Ella lleva seis meses trabajando en la empresa y tampoco ha sido fácil llegar a un acuerdo sobre lo que el jefe considera profesional en cuanto al diseño. Entiendo que para Marta es aún más frustrante, ya que el diseño es un campo de percepción y gustos personales. Y si al jefe no le gusta, es aún más complicado. Sin embargo, parece que han logrado entenderse y ella ha desarrollado una buena imagen corporativa con la que yo disfruto trabajar y a la que ayudo a mejorar con mis estrategias.

Marta ha sido mi guía en las cosas que no comprendo o que resultan novedosas para mí, en este campo de las finanzas en donde no me desenvuelvo con soltura, y nos hemos convertido en amigas rápidamente.

—Igual, no puedo creer que tenga tanto poder para hacer y deshacer el trabajo de los demás a su antojo. —dije— Para eso ha buscado profesionales en cada área, para que trabajemos en lo que sabemos y que él confíe en lo que hacemos.

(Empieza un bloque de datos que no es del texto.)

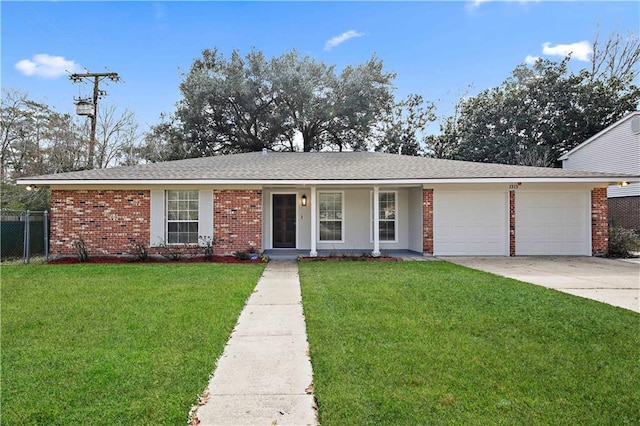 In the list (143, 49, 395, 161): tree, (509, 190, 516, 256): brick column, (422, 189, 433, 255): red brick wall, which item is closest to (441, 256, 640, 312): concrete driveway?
(509, 190, 516, 256): brick column

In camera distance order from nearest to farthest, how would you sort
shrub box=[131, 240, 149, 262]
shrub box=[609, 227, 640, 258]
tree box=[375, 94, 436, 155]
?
shrub box=[131, 240, 149, 262] < shrub box=[609, 227, 640, 258] < tree box=[375, 94, 436, 155]

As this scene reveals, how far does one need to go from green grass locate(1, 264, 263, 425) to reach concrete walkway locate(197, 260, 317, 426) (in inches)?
6.7

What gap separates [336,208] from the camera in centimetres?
1344

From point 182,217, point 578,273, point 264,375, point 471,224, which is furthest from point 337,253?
point 264,375

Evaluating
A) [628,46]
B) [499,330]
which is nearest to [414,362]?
[499,330]

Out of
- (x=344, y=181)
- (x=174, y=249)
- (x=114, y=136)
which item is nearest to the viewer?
(x=344, y=181)

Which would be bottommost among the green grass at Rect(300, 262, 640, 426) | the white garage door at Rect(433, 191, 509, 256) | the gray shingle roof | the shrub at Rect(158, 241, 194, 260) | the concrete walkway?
the concrete walkway

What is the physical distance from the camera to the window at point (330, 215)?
44.0ft

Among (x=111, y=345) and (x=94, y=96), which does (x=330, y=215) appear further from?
(x=94, y=96)

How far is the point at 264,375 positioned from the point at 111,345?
184 cm

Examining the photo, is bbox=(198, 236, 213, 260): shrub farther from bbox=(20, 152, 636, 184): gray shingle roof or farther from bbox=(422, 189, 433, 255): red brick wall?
bbox=(422, 189, 433, 255): red brick wall

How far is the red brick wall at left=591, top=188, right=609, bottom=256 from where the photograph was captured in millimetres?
12125

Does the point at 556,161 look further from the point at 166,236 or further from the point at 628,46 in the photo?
the point at 166,236

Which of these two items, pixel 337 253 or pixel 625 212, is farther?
pixel 625 212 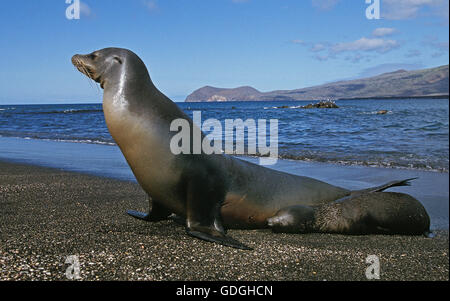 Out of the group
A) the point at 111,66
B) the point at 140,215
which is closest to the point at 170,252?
the point at 140,215

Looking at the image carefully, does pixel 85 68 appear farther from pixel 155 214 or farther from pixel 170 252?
pixel 170 252

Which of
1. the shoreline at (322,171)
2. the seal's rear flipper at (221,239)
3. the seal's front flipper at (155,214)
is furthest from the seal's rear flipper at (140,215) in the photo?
the shoreline at (322,171)

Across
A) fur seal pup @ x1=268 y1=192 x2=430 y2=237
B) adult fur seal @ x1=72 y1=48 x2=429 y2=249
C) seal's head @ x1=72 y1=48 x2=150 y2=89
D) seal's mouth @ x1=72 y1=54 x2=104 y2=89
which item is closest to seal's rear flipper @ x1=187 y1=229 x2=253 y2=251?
adult fur seal @ x1=72 y1=48 x2=429 y2=249

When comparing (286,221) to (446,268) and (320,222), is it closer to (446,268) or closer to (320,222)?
(320,222)

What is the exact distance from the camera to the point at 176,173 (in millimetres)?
4754

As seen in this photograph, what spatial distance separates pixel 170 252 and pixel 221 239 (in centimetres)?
63

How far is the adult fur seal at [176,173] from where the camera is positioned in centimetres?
471

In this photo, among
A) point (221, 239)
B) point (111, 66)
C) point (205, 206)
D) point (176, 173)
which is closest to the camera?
point (221, 239)

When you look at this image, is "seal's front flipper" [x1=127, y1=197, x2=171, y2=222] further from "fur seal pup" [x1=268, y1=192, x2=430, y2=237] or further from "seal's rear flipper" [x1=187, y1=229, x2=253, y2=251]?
"fur seal pup" [x1=268, y1=192, x2=430, y2=237]

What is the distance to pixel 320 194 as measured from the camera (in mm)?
5859

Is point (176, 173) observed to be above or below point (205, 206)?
above

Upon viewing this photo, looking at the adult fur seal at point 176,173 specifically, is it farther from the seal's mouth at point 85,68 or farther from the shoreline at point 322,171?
the shoreline at point 322,171

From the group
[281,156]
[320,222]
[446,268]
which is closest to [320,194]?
[320,222] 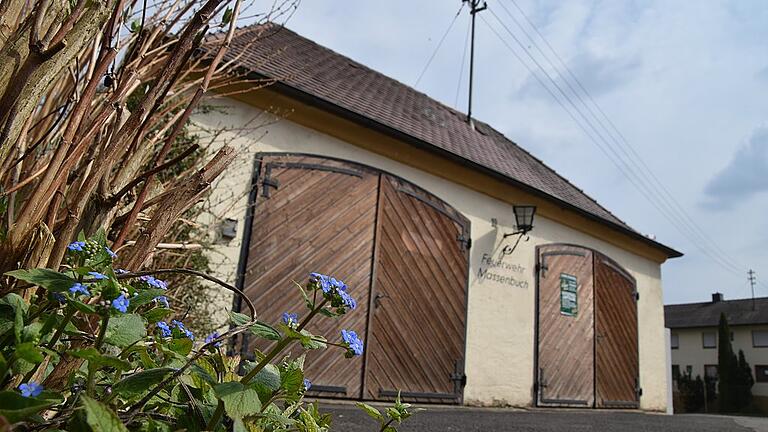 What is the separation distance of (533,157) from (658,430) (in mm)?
6646

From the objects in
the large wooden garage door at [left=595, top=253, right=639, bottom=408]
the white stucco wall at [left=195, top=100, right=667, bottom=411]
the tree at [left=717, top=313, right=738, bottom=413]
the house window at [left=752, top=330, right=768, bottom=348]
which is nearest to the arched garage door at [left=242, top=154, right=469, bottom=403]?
the white stucco wall at [left=195, top=100, right=667, bottom=411]

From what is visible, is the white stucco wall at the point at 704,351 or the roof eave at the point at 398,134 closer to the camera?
the roof eave at the point at 398,134

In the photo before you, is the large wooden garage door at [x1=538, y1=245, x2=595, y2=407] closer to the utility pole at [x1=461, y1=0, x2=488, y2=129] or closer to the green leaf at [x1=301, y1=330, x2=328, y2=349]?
the utility pole at [x1=461, y1=0, x2=488, y2=129]

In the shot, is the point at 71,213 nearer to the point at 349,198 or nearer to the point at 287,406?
the point at 287,406

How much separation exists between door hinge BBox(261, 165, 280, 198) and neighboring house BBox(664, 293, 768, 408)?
30369 millimetres

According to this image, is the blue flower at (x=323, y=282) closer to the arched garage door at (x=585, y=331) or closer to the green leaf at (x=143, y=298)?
the green leaf at (x=143, y=298)

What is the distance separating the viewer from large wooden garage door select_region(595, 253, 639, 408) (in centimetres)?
881

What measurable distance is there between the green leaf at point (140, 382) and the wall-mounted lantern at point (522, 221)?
691 centimetres

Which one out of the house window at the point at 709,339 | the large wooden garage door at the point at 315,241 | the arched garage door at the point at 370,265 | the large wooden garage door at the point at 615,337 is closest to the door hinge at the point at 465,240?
the arched garage door at the point at 370,265

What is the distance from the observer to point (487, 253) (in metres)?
7.29

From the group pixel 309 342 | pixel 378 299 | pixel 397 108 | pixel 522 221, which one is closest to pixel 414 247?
pixel 378 299

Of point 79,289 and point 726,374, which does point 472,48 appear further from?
point 726,374

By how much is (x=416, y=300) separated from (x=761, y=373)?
29.7 metres

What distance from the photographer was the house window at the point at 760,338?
29733 mm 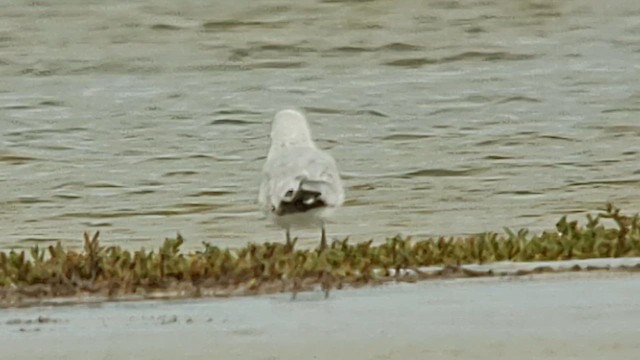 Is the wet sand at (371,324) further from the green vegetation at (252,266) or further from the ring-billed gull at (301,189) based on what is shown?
the ring-billed gull at (301,189)

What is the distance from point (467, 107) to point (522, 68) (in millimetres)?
3412

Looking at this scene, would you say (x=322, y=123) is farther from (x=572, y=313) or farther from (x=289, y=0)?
(x=572, y=313)

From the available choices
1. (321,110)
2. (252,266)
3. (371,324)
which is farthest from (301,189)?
(321,110)

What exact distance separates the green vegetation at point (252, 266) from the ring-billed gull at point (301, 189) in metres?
0.57

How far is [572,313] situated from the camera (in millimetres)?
10172

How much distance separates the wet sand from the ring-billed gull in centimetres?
174

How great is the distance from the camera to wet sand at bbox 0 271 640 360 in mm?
9258

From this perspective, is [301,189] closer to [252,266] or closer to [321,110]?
[252,266]

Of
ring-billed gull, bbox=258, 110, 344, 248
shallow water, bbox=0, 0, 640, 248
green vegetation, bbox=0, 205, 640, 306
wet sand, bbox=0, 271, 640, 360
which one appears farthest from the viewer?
shallow water, bbox=0, 0, 640, 248

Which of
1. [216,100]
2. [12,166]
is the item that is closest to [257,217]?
[12,166]

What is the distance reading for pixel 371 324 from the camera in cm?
1003

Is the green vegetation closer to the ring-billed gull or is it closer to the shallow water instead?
the ring-billed gull

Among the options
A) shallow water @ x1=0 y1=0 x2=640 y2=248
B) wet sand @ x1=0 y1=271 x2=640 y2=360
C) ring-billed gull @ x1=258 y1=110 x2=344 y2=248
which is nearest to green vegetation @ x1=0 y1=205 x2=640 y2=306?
wet sand @ x1=0 y1=271 x2=640 y2=360

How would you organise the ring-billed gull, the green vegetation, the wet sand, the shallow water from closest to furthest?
the wet sand, the green vegetation, the ring-billed gull, the shallow water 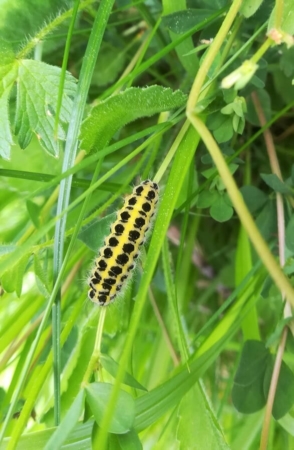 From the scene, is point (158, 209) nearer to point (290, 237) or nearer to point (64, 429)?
point (290, 237)

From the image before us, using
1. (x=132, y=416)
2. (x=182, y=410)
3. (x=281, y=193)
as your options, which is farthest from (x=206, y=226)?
(x=132, y=416)

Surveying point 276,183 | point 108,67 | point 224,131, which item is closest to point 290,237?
point 276,183

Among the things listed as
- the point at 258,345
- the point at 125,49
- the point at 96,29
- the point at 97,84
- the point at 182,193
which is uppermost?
the point at 125,49

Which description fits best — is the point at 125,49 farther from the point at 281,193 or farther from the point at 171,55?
the point at 281,193

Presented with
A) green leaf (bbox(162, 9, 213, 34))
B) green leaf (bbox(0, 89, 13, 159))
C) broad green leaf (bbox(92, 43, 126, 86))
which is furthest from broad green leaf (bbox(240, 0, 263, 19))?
broad green leaf (bbox(92, 43, 126, 86))

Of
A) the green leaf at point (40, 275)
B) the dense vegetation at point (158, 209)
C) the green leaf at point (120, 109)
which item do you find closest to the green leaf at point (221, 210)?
the dense vegetation at point (158, 209)

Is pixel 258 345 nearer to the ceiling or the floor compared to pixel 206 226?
nearer to the floor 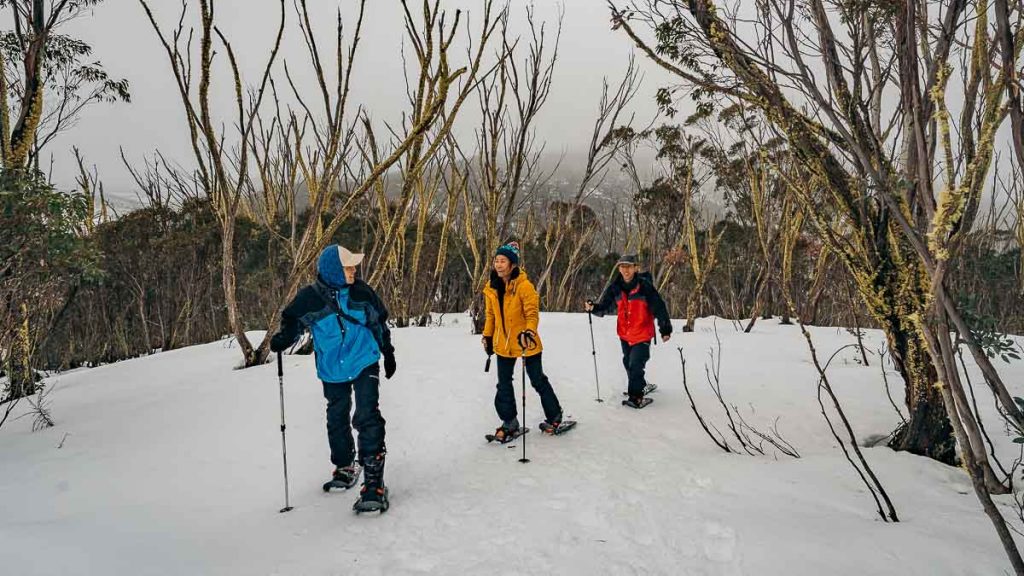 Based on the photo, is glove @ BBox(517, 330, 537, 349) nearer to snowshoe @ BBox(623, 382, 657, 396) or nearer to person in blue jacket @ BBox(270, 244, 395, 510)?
person in blue jacket @ BBox(270, 244, 395, 510)

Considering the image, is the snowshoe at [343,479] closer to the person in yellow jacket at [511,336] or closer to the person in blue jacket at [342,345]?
the person in blue jacket at [342,345]

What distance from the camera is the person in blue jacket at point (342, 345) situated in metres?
2.88

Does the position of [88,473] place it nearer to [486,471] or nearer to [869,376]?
[486,471]

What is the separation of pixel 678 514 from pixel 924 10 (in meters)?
2.91

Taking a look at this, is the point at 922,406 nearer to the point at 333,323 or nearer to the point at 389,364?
the point at 389,364

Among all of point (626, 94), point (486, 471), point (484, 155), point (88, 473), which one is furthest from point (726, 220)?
point (88, 473)

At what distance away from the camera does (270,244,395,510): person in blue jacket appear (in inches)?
113

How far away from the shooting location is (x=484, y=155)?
969cm

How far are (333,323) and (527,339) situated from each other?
5.13 feet

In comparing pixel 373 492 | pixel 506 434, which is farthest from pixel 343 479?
pixel 506 434

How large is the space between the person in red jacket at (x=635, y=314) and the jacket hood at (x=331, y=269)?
277cm

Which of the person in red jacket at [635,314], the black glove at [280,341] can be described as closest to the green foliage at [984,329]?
the person in red jacket at [635,314]

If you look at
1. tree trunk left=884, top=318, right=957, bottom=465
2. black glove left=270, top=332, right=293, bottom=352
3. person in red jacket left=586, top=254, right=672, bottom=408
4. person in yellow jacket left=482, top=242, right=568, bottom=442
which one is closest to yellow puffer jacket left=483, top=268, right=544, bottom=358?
person in yellow jacket left=482, top=242, right=568, bottom=442

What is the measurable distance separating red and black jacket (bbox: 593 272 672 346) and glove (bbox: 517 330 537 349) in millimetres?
1354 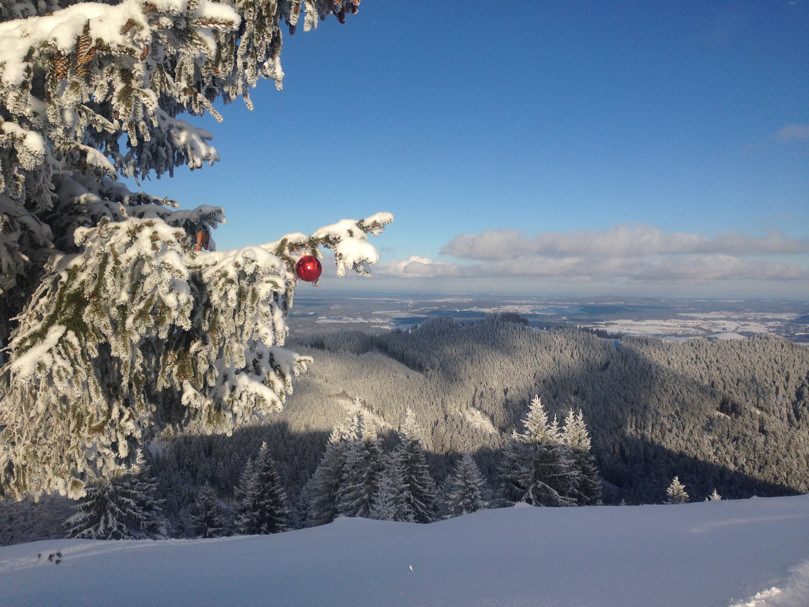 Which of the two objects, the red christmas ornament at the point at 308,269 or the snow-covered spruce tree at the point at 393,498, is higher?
the red christmas ornament at the point at 308,269

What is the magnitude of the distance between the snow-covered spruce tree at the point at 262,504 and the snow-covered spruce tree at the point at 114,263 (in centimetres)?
2039

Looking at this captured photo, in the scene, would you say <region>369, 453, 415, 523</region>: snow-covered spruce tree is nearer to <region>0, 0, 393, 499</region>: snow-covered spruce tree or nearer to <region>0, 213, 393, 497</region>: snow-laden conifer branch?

—Por algo es el dueño de la empresa. No hay nadie por encima de él que le ponga un freno y eso puede afectarnos a todos llegado un momento. Pero aun así, los clientes lo aman porque sabe vender como nadie.

—Claro, porque nosotros hacemos todo el trabajo sucio.

—Exacto. Pero si logras entenderlo, aprenderás mucho de él. —rodé los ojos, incrédula.

—Ojalá pudiera ver las cosas de esa manera.

—Date tiempo. Ya le comentaste que ibas a quedarte el período de prueba. Si en ese tiempo vez que no puedes manejar la situación, será tu decisión si te quedas o te vas.

—Lo sé. Trataré de calmarme y ver cómo se desarrolla todo a partir de ahora.

—Me daría mucha pena que te fueras por eso. Eres muy buena en tu trabajo y sé que el jefe va a valorarlo tarde o temprano. Solo ten un poco de paciencia. —me dice Marta comprensiva y asiento con mi cabeza.

Después de nuestra conversación, debo admitir que me siento un poco más tranquila al saber que lo que hizo el jefe no fue algo personal contra mí, sino que lo hace con todo el mundo. Aun así, debo admitir que, a partir de ese encuentro inicial, me tomó unos días acostumbrarme a verlo pasar y que no se me revolviera el estómago de la frustración. ¿O era de la excitación?

Madre mía, solo espero que las cosas entre nosotros se desarrollen de manera cordial a partir de ahora, porque estaba segura de que si este episodio se repite, me iba a dar un infarto seguro. Mi corazón no ha dejado de latir y mis ganas de ver cómo recorre mi cuerpo con su mirada ya es una droga.

Pero ¿Qué demonios me pasa? Apenas han pasado unos días y ya estoy reaccionando a su mera presencia. No debería sentirme así, no después de la forma en que me trató. Y sin embargo, aquí estoy, repasando cada una de sus palabras, cada gesto, incluso la forma en que su ceño se frunció al verme. ¿Fue enojo genuino o solo parte de su juego?

Intento convencerme de que es simple atracción física, de que mi cuerpo está reaccionando a un hombre que, objetivamente, es atractivo. Pero hay algo más. Algo en su intensidad, en su manera de mirar, que despierta en mí una sensación de desafío. Como si, en el fondo, quisiera demostrarle que no puede doblegarme, que soy capaz de estar a su altura.

Sacudo la cabeza, tratando de despejar esos pensamientos. Lo último que necesito es enredarme en algo así. No con un jefe como él. No con alguien que, aparentemente, disfruta llevando al límite a sus empleados. Y mucho menos con alguien que, aunque me repita que detesto, empieza a colarse en mis pensamientos con demasiada frecuencia.